------ Data block
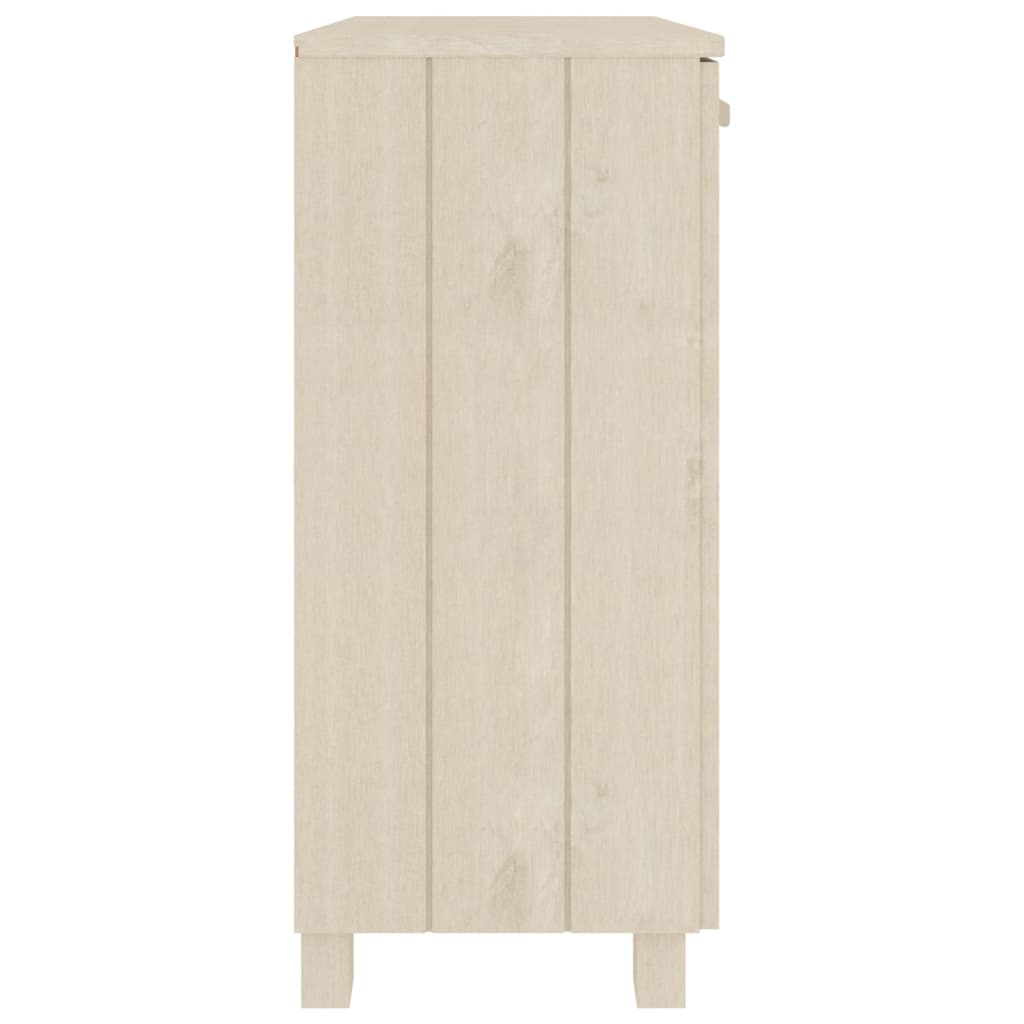 Buffet HAMAR Marron miel 85x35x80 cm Bois massif de pin - XIOS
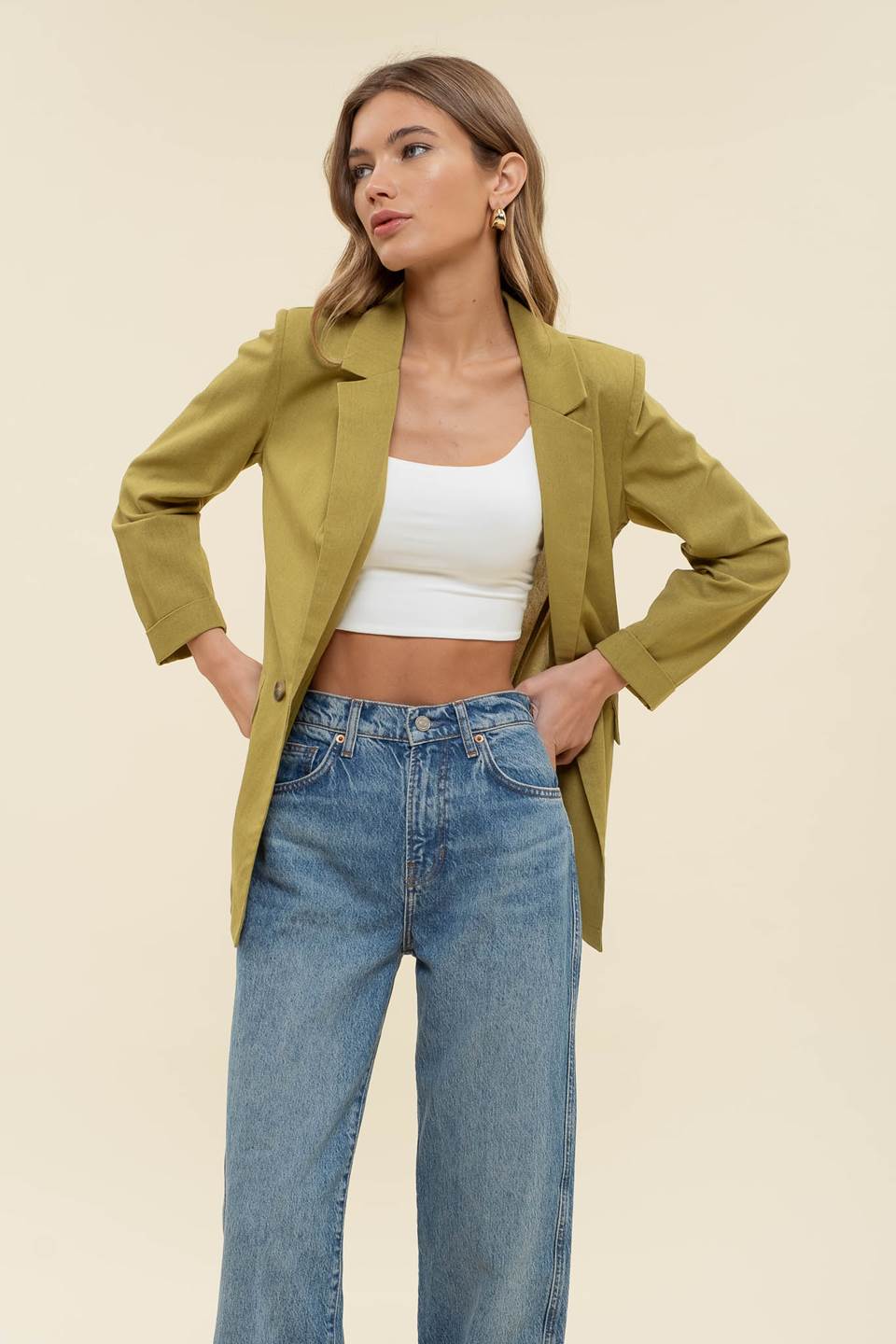 Kiwi Collard Blazer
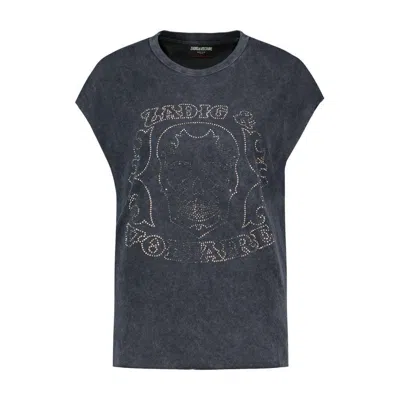 Zadig & Voltaire Zadig&voltaire Cloe Hc Skull Strass T-shirt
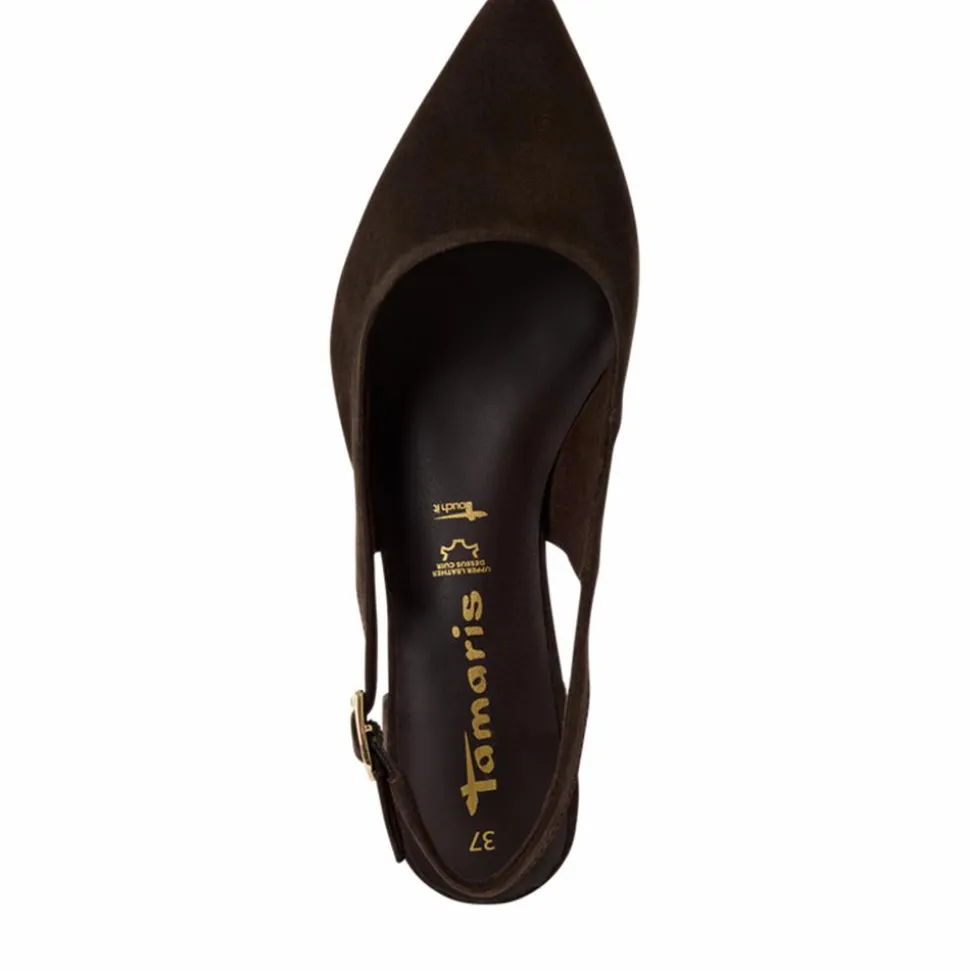Slingback Pumps, Mocca, 42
------------
What to work on> Only the lines from the one with "Zadig & Voltaire" through the end of the listing should be transcribed, exactly and without pictures.

Response area>
 Zadig & Voltaire Zadig&voltaire Cloe Hc Skull Strass T-shirt
Slingback Pumps, Mocca, 42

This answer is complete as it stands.